China tends to leave investors weak
DAVID FRUM: Now you know that it’s not safe to buy pet food from China . . .
KAI RYSSDAL: Commentator David Frum.
FRUM: So why do you think it’s safe to put your 401k there?
Hundreds of billions of dollars of investment money have flowed into China over the past 15 years. Only the United States and Great Britain now receive more foreign direct investment than China.
But talk to a foreign investor in China, and you hear one terrible story after another. As one investor recently put it to me: “One of two things happens to your investment. It fails, and you lose your money. Or it succeeds, and they take your money.”
U.S. investment in China earns surprisingly little. The most recent U.N. figures show that U.S.-affiliated companies earn less in China than they do in Mexico.
The money continues to flow on the assumption that China’s progress can only accelerate. Yet even now, well into China’s third decade of economic reform, half the industrial workforce still works for state-owned enterprises. And telecoms, banking, food distribution and energy remain government monopolies.

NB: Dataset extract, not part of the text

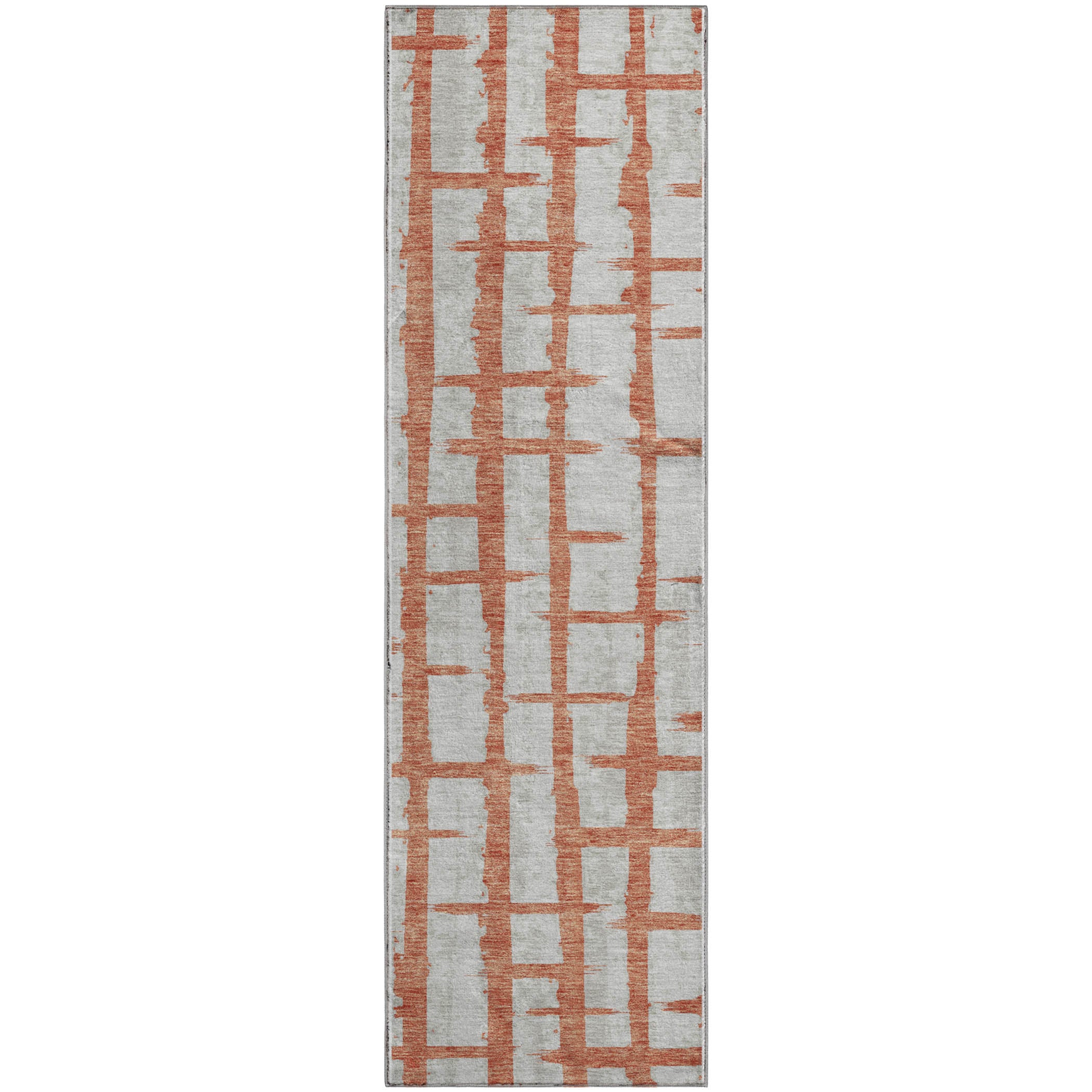 Siena Machine Washable Transitional Coral Orange Rug 2'3" x 7'6" #shape_Runner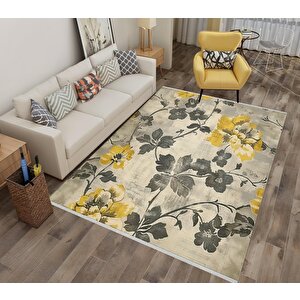 Halı – Sarı; Gri; Krem – Floral Desen, Pamuk Dokuma Taban, Makinede Yıkanabilir, Kolay Temizlenebilir, Toz Ve Tüy Tutmaz, Kaymaz, Evcil Hayvan Dostu 80x150 cm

Property rights have only begun to exist, and cannot be unenforced even when they do exist.
Even China’s keenest admirers acknowledge that virtually every large transaction requires a bribe.

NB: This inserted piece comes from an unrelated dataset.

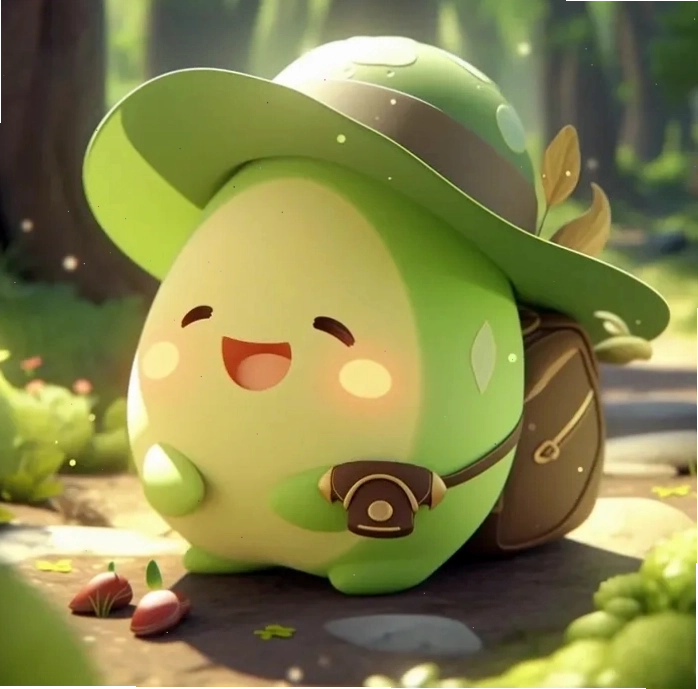 Ảnh quả bơ chibi 3D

Economists, like Carnegie’s Min Chin Pi, estimate that China’s corruption industry is equivalent to something between one-twentieth and one-fifteenth of gross domestic product.
And all those impressive Chinese economic growth figures ultimately rely on statistics generated by the same government that lied to the world about industrial additives in the pet food.
Something real and important, and possibly very positive, is happening in China. Of course, something real, important and positive happened in the dot com world in the 1990s. Just not a happy return on equity.
RYSSDAL: David Frum is a resident scholar at the American Enterprise Institute.